I recently read Jeff''s posting on all the various models for the 30 foot type boat,it was mentioned about the J30''s lack of cockpit area if I remember.Could someone tell more about J Boats.I seem to really have my heart set on these somewhat affordable(used)boats.
It was mentioned in another post here that J boats are seen in the islands.
Basically I need to know is this a truley correct choice for a singlehanded sailor.I plan to spend 6 mos out of the year on my boat,island hopping.
I will keep researching and will be glad for any input from peolpe who have sailed/lived on a J Boat.

Thanks,
JerryO


----------



## TSOJOURNER (Dec 16, 1999)

I forgot one other thing in my post.My second choice for a single handed liveaboard is a Sabre 28.Its also a fine looking vessel and reasonably priced for an older one.

Thanks again,
JerryO


----------



## Guest (Jul 17, 2001)

I looked closely at the J-30 when I ws shopping for my Laser 28. I had sailed on them and had actually started negotiations on one. I do a lot of single-handing and in the end I concluded that they were not my idea of an ideal single-hander. While the cockpit was compact and the control lines mostly run aft I found them to require very high efforts and not being all that forgiving. One major fault in my book was the tendency toward a lee helm (this may be tuned out of the J-30''s these days since I haven''t driven one in the current tuning) I also did not like the distance from the helm to the head. 

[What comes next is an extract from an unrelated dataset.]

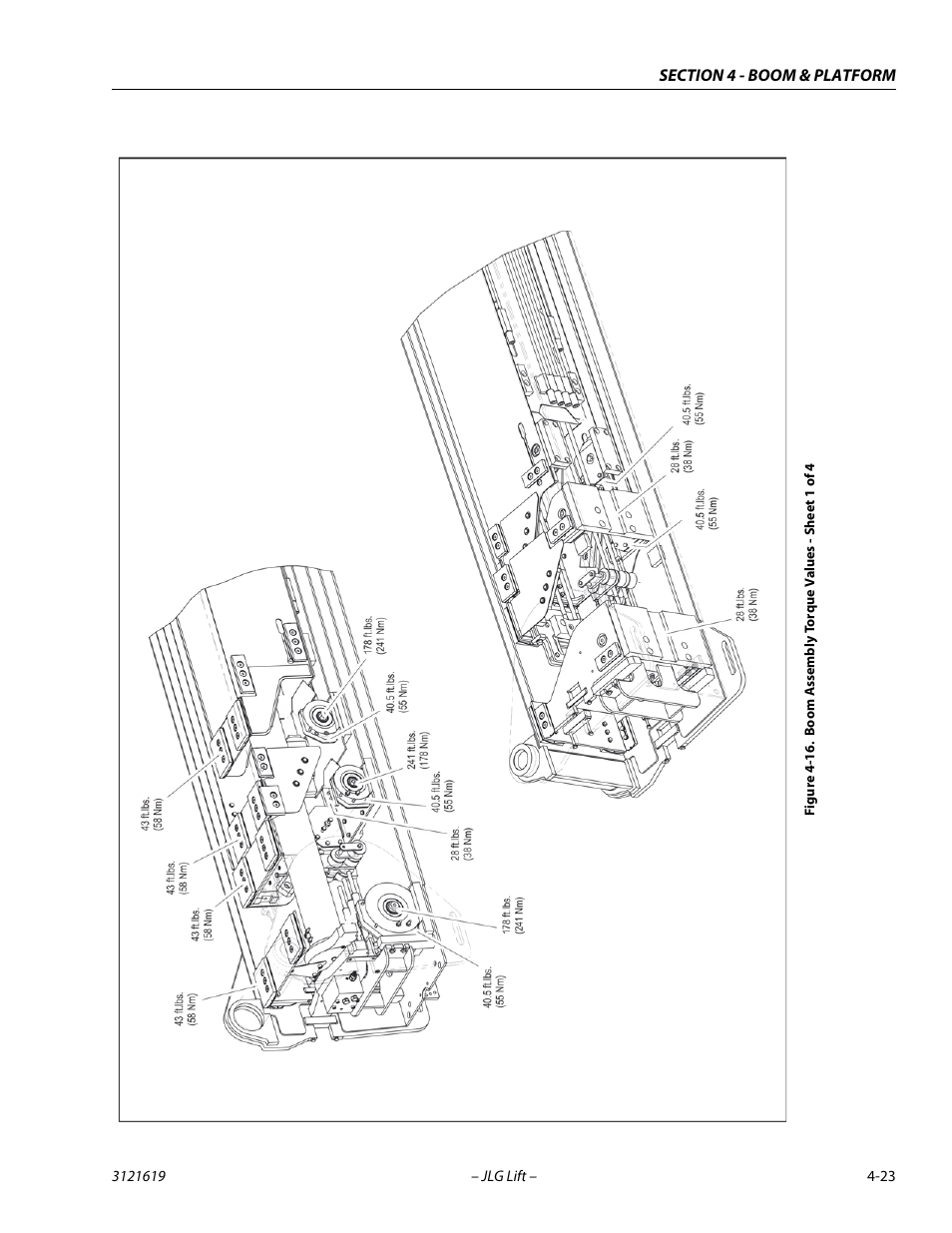 Boom assembly torque values - sheet 1 of 4 -23 | JLG 1850SJ Service Manual User Manual | Page 109 / 452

When I did this same investigation 13 years ago,I ended up buying a Laser 28. I can''t say that they are an ideal boat for everyone. They tend to require a bit more finesse than some other boats but they are pretty easy to dial in once you have sailed them for a bit and once dialed in they are great single-handers. I am not trying to sell you my boat, although she is for sale, but I would suggest that the Laser 28''s would be a good alternative to consider. My best suggestion is to try to get a chance to sail a J-30 and see what you think. While I thought they could be singlehanded I thought they were less than ideal.

Good luck
Jeff

Good hunting.


----------